Le silence (Small Mercies)
Auteur : Dennis Lehane
Traduit de l’américain par François Happe
Éditions : Gallmeister (23 Avril 2023)
ISBN : 978-2351783221
450 pages
Quatrième de couverture
En cet été de 1974, à South Boston, quartier irlandais de
Boston, Mary Pat Fennessy mène une existence routinière. Un soir, Jules, sa
fille de dix-sept ans, ne rentre pas à la maison, et sa trace disparaît dans la
chaleur moite de la ville. La même nuit, un jeune Noir se fait mortellement
percuter par un train dans des circonstances suspectes. Ces deux événements
sans lien apparent plongent les habitants de Southie dans le trouble.
Mon avis
« Nous sommes des êtres humains. Le pire d’entre
nous a du bon en lui. Le meilleur d’entre nous a le cœur qui renferme une part
de mal pur. Nous bataillons. »
Dennis Lehane est un de mes auteurs préférés, il ne m’a
jamais déçue. Ses romans sont noirs, soulèvent des problématiques de violence,
de racisme, de société. Alors oui, le propos est dur, sombre, pas gai mais
c’est tellement bien écrit ! Ça vous prend aux tripes dès les premières
lignes et vous êtes immédiatement dedans.
On est en 1974, à Boston, dans le quartier
« Southie » où sont installées, en majorité, des personnes d’origine
irlandaise. Ce n’est pas très loin de là que Lehane a lui-même grandi. À cette
époque, la politique du « busing » est mise en place. Il s’agit de
transporter, en bus, des élèves blancs dans des écoles accueillants des élèves
noirs et inversement afin de participer à la désagrégation. Une méthode pour
éviter toute ségrégation raciale…. Sur le papier, ça peut sembler une bonne
idée. Mais les habitants, jeunes ou adultes, ne veulent pas de ce projet et les
tensions sont nombreuses. Il n’est pas bon de s’attarder dans un quartier où on
n’a rien à faire et tout étranger ne sera pas le bienvenu.
C’est dans cette atmosphère que nous faisons connaissance
avec Mary Pat, une mère de famille de Southie qui vit avec sa fille Jules,
dix-sept ans. Son fils, vétéran du Viet Nam est mort, son premier mari aussi et
le second n’est plus avec elle. Elle accumule les boulots pour s’en sortir,
fait de son mieux avec sa gosse qui n’est pas toujours facile. Dans leur
appartement, rien de bien folichon, les bruits qui s’entendent comme dans
beaucoup de cités… Mais en apparence, les gens du coin se serrent les coudes.

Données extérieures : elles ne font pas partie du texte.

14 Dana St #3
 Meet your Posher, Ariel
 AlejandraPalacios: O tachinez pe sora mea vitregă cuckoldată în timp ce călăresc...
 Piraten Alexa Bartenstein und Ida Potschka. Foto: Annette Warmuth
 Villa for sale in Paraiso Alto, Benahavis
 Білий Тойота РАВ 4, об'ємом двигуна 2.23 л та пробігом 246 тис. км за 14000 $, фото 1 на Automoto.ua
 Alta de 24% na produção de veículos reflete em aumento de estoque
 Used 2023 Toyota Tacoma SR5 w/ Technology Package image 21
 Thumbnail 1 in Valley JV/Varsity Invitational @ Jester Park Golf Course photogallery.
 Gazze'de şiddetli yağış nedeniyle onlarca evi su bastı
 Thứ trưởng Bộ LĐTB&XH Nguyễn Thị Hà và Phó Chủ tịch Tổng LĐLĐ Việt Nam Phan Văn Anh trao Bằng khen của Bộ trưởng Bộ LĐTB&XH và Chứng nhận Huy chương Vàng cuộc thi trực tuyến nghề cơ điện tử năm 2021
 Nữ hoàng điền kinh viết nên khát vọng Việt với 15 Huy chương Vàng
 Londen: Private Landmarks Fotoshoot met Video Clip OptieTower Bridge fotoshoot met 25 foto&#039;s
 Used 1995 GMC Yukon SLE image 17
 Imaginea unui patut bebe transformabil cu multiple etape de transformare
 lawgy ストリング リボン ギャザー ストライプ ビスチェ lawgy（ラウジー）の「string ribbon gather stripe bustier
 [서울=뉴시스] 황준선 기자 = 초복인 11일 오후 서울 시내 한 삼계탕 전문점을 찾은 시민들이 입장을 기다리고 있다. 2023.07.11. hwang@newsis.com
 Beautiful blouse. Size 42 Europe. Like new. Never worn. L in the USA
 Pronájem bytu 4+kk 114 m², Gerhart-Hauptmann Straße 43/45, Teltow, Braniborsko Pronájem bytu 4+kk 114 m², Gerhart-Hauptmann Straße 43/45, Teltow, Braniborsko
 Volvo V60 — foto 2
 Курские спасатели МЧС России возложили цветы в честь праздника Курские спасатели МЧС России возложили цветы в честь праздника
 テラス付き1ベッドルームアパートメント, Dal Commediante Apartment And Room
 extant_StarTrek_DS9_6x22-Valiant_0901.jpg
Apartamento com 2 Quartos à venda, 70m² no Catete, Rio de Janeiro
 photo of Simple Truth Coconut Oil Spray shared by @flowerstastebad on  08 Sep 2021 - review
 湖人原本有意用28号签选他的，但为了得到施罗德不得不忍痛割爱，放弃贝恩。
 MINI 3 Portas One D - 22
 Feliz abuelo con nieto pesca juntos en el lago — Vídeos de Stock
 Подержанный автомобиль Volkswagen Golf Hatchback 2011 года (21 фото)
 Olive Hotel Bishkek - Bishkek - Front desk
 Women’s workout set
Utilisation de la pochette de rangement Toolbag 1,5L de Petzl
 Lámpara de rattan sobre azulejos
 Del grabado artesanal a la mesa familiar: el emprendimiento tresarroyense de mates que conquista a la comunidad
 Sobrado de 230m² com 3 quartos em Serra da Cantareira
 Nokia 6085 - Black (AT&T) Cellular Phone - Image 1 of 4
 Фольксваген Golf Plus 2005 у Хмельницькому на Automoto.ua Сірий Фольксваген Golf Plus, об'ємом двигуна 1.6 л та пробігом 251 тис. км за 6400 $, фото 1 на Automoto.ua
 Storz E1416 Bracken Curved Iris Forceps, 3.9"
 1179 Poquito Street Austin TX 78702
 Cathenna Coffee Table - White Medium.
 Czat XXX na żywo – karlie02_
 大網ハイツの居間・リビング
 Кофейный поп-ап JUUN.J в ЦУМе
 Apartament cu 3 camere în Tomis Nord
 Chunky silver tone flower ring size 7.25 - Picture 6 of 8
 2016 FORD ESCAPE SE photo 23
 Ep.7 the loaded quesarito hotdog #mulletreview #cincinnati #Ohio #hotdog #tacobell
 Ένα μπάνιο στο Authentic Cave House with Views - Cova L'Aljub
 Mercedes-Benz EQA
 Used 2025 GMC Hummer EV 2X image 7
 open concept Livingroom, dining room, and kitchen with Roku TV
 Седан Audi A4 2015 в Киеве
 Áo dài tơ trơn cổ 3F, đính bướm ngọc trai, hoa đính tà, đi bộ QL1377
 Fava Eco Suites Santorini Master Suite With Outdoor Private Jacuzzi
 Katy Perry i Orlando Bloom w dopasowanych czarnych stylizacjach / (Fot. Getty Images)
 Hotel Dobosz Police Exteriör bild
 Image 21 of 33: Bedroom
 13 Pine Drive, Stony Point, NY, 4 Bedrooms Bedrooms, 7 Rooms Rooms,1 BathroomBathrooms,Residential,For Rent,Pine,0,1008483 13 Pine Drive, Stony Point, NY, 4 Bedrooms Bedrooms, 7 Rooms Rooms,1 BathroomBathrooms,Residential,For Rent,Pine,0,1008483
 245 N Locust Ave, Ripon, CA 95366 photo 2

Un soir, Jules ne rentre pas et en parallèle, un jeune Noir
meurt dans des circonstances un peu bizarres. Mary Pat, une battante dans tous
les sens du terme, décide de retrouver Jules. On va suivre la quête de cette
femme volontaire, pleine de rage et de colère, prête à tout. Elle traque les
hommes, les femmes qui savent, peut-être, ce qu’il s’est passé cette nuit. Elle
recoupe les faits. C’est une guerrière. Et si la police traîne un peu, elle
agit.
Peut-on faire justice soi-même ? Où se situe la limite
entre le bien et le mal ? A-t-on le droit d’autoriser la haine quand on a
souffert injustement ? Ce sont des questions récurrentes chez Lehane, et
elles sont primordiales.
Au fil des pages, nos poings se serrent, la tension
s’intensifie, on sent que les lieux deviennent une cocotte-minute, tout peut
exploser d’un moment à l’autre. Mary Pat, mère courage, ne lâche rien, creuse
encore et encore, elle veut la vérité. Ceux de la cité ne sont pas si unis que
ça et elle se sent bien seule. Un policier, Bobby, réalise qu’elle va
probablement aller trop loin. Mais que faire pour la calmer, alors que même la
police n’arrive pas à gérer les trafics de drogue et tout ce que cela entraîne
de dégâts et de dérives ?
Quand cet auteur écrit, il me bouscule, me bouleverse, me
captive. Même s’il me renvoie en pleine face, certains mauvais côtés de notre
monde (car il ne faut pas rêver, ce n’est guère mieux de nos jours), il a le
mérite de nous rappeler qu’il faut être vigilant. Il sait transmettre à la
perfection les émotions, les scènes, on est au cœur de ce que vivent les
protagonistes. La psychologie des individus est approfondie et très présente
sans être lourde. Le vocabulaire très « parlant » (merci à François Happe
pour l’excellente traduction).
C’est du grand Lehane et je souhaite vraiment que ce ne soit
pas le dernier, comme le disent quelques rumeurs.